Some say that to affirm change in God is to deny omniscience, because if God is omniscient then he can by no means be "surprised" by change. In this view, God is the last jaded word in Been There/Done That.
That is, what looks like change to us must be as one big spatiotemporal block to God, where everything -- past, present and future -- is taken in at once. Or in other words, for God, time is not temporal, but rather, spatial.
To which one can only respond with a shrug of the shoulders and the old "that's one way of looking at it."
But that way has never appealed to me, neither emotionally nor intellectually, not to mention spiritually. Rather, I like the idea of adventure, including Adventure in God. What if God is the quintessential adventurer and creation is the ultimate E-ticket adventure?
To which one may well respond with a shrug of the shoulders and the old "that's one way of looking at it."
I mean, far be it from me to start an argument if you prefer to be a religious couch potato resting in the comfort and safety of your own delusions.
I want to briefly skip ahead to the contribution by a Nahum Glatzer, professor of Judaic Studies at Brandeis. It seems to me that he absolutely Nails It in observing that the prophets teach "the freedom of choice."
Now, "Israel is in the hand of God like the clay to a potter's hand." However, this does not mean the future is settled and that our freedom is an illusion.
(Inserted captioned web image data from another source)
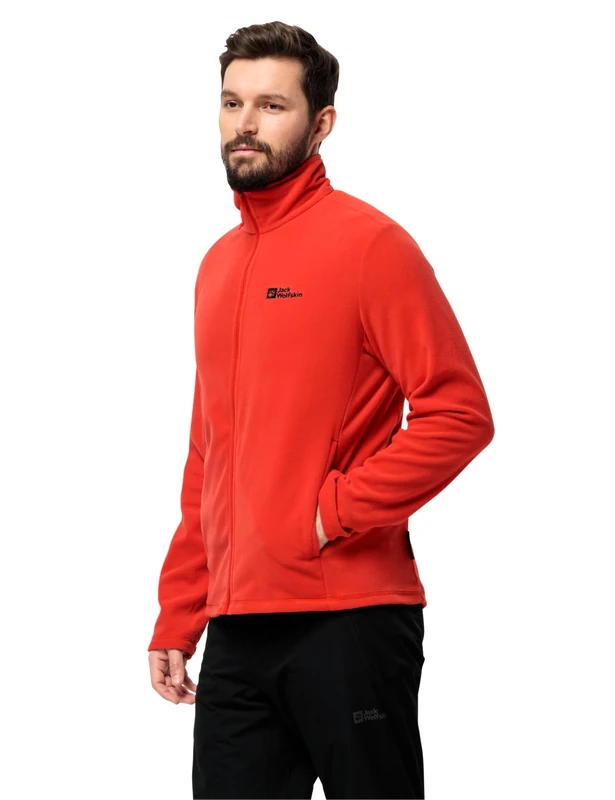 Jack Wolfskin Taunus FZ M - Image 1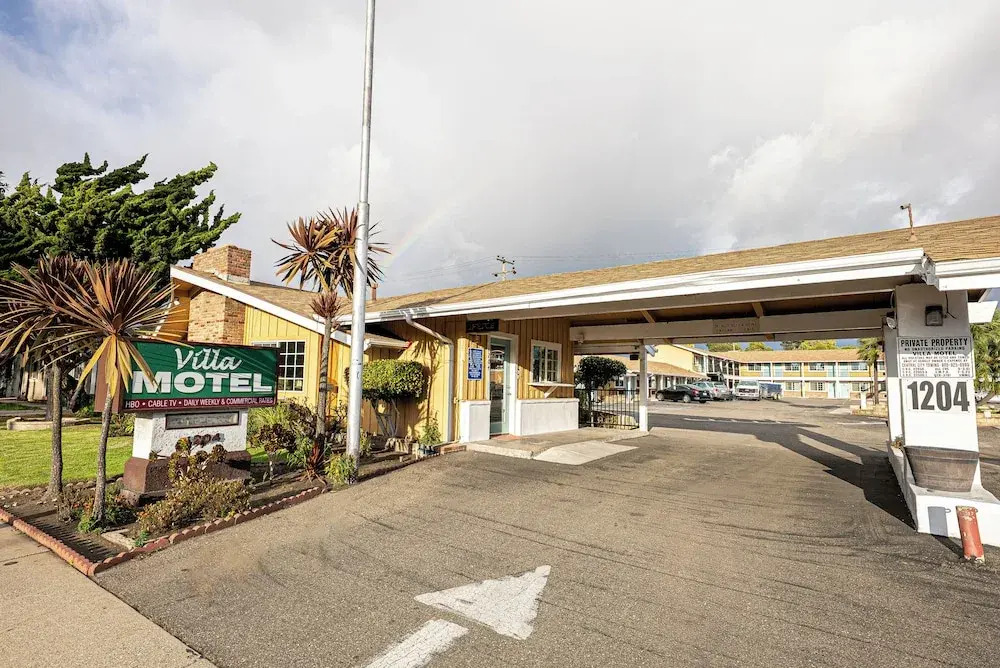 Villa Motel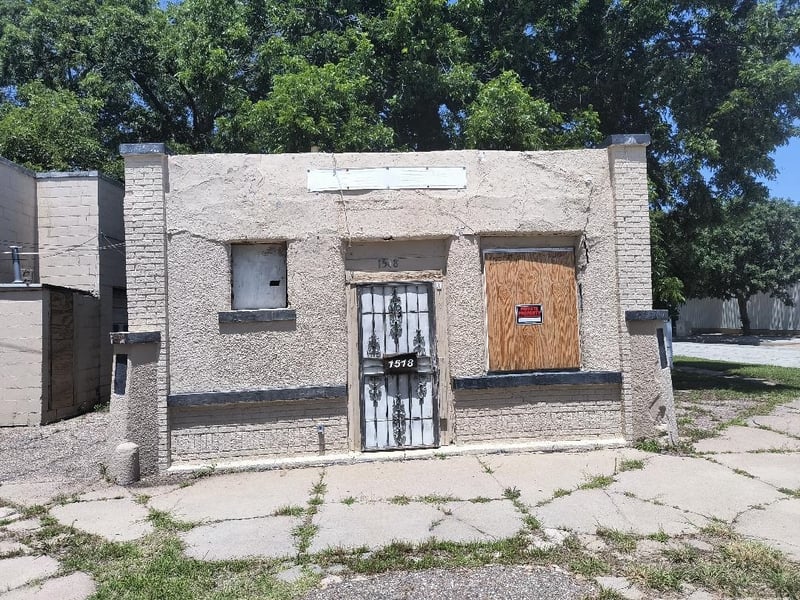 1518 1st Street N, Wichita, KS 67214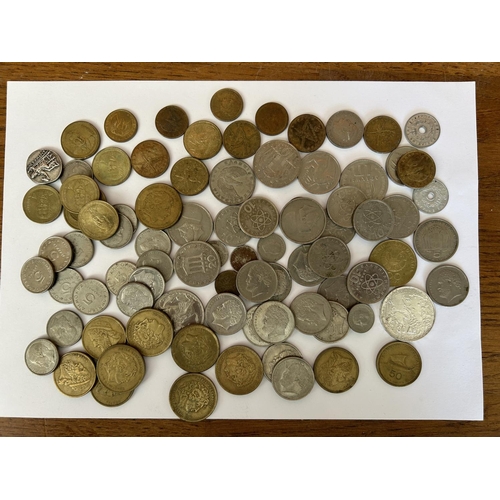 98 - Qty of Vintage Greek Drachma Coins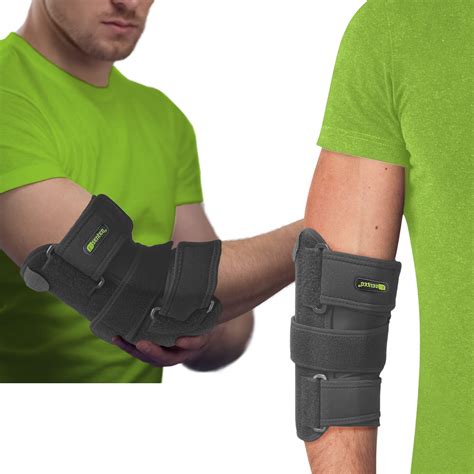 Buy SENTEQ Elbow Support Sleeve Elbow Brace Ing Pad Wraps Straps For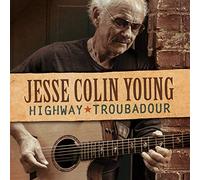 Jesse Colin Young - Highway Troubadour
For on the one (potter's) hand, "God plans the destiny of nations and of men." Bueno. I think we can all agree on that.
However! "In choosing the good," it is as if man "causes" God to renounce his plan for what would have occurred had man turned away from the good. Or, in choosing evil, man "causes" God to adjust his plans accordingly.
Thus -- common sense again -- "Because there is a covenantal relationship between God and man, man has the power of turning to the good or the evil, and thus also the power of turning the tide of events."
Therefore, what happens to man is "the divine answer to his choice." This is no "mechanical relationship of cause and effect," but rather, "a dialogical correspondence between God and man."
This is because "God wants man to come to Him in perfect freedom"(emphasis mine and God's). This being the case, the future "cannot be a result of pre-determination," for "the spirit of God assumes the attitude of 'waiting' for man to fulfill the intention of Creation."
But predetermination always creeps back in like the worship of Ba'al, for any ideology that denies man's freedom and claims that the future is written is an iteration of the same old gnostic ba'algame, from Hegel and Marx on down to our own contemporary progressive clownocracy.
If Hollywood has taught us anything, it is that "Truly, for some men nothing is written unless THEY write it" (Lawrence of Arabia).
Of course, God is always the cowriter, and he has a contingency plan for every eventuality, but that does not equate to omniscience in the sense usually understood.
Rather, for Hartshorne -- common sense again -- omniscience is "limited" to what can be known. And what can be conceivably known is EVERYTHING that has happened and is happening. But unless we deny all distinctions between past, present and future, then "knowledge" of the future must be a different sort of thing.
For some reason, religious people are generally uncomfortable with this idea, but I am profoundly uncomfortable with its alternative, for there would be no reason to get up in the morning if it weren't for the opportunity to participate in a new adventure in and with God. I mean, is he just faking the interest?